- [What this task involves]:
From the listing below, reproduce exactly the lines starting with the one with "Hello everyone, and" and going on through the one with "So hopefully you", both ends kept. No picture is copied.

Dataset records Start Marker

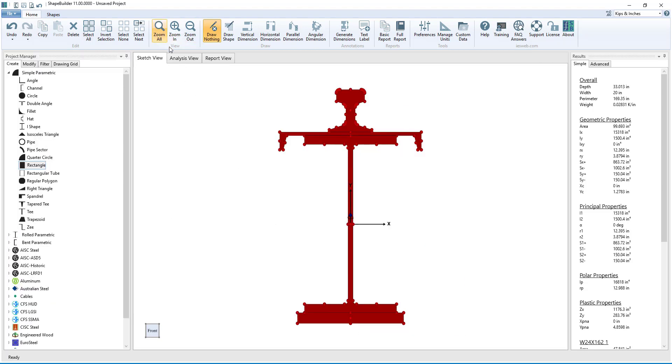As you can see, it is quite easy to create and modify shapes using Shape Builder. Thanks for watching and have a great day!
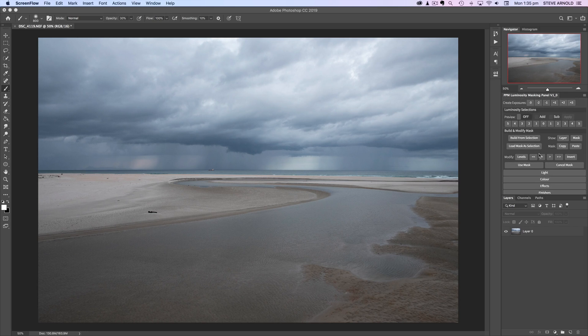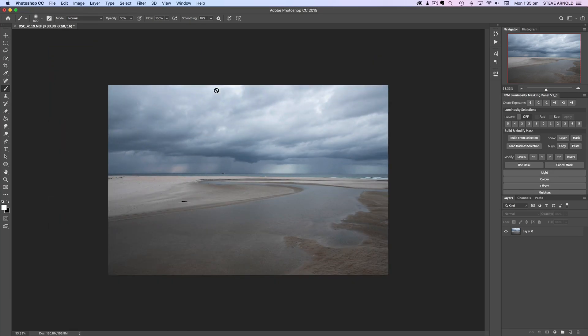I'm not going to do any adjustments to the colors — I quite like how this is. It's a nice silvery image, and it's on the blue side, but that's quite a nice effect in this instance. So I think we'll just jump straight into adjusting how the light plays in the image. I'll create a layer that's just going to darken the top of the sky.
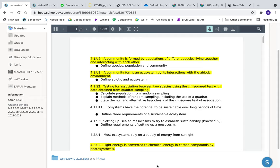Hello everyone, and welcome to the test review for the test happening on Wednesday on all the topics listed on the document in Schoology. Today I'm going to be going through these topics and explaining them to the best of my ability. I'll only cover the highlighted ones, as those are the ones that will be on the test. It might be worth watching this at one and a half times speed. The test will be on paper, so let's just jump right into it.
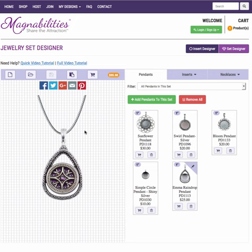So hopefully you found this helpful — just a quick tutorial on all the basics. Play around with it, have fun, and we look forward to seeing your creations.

Dataset records End Marker
Dataset records Start Marker

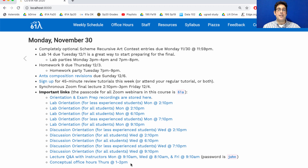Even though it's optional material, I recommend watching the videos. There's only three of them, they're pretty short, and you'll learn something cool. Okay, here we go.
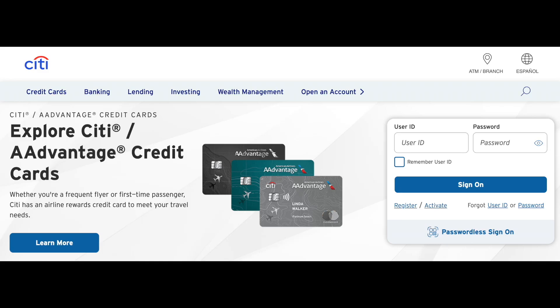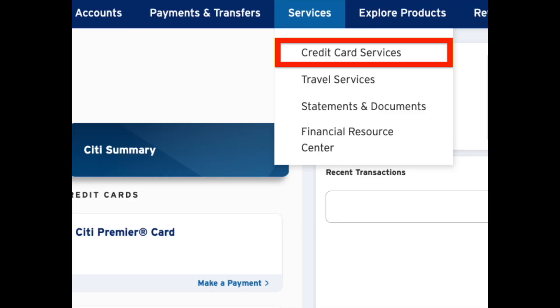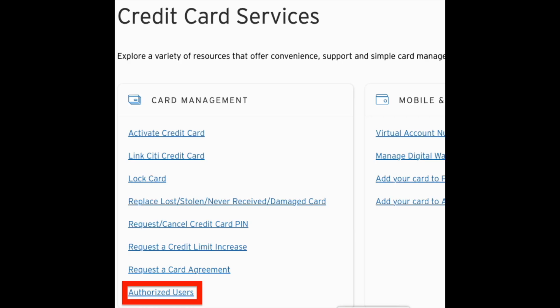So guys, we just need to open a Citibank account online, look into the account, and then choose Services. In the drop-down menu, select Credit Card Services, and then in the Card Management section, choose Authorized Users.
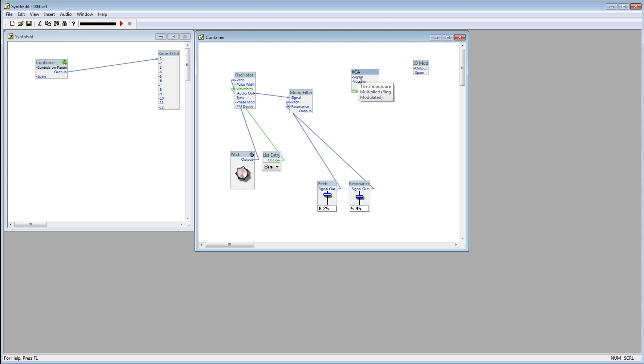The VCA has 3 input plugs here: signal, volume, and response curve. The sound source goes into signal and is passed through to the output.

Dataset records End Marker
Dataset records Start Marker

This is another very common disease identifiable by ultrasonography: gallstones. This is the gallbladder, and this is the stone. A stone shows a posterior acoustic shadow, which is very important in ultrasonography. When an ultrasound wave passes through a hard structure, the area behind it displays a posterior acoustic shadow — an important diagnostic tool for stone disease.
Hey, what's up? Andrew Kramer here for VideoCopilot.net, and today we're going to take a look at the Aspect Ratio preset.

Dataset records End Marker

- [Written solution]:
Hello everyone, and welcome to the test review for the test happening on Wednesday on all the topics listed on the document in Schoology. Today I'm going to be going through these topics and explaining them to the best of my ability. I'll only cover the highlighted ones, as those are the ones that will be on the test. It might be worth watching this at one and a half times speed. The test will be on paper, so let's just jump right into it.
So hopefully you found this helpful — just a quick tutorial on all the basics. Play around with it, have fun, and we look forward to seeing your creations.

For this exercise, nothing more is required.